**Data section**
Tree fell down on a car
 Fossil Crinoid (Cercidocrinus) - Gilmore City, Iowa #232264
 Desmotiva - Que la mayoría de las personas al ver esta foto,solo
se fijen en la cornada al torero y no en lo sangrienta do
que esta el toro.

**Instructions to follow**
Retype the entries word for word.

**Written reply**
Tree fell down on a car
 Fossil Crinoid (Cercidocrinus) - Gilmore City, Iowa #232264
 Desmotiva - Que la mayoría de las personas al ver esta foto,solo
se fijen en la cornada al torero y no en lo sangrienta do
que esta el toro.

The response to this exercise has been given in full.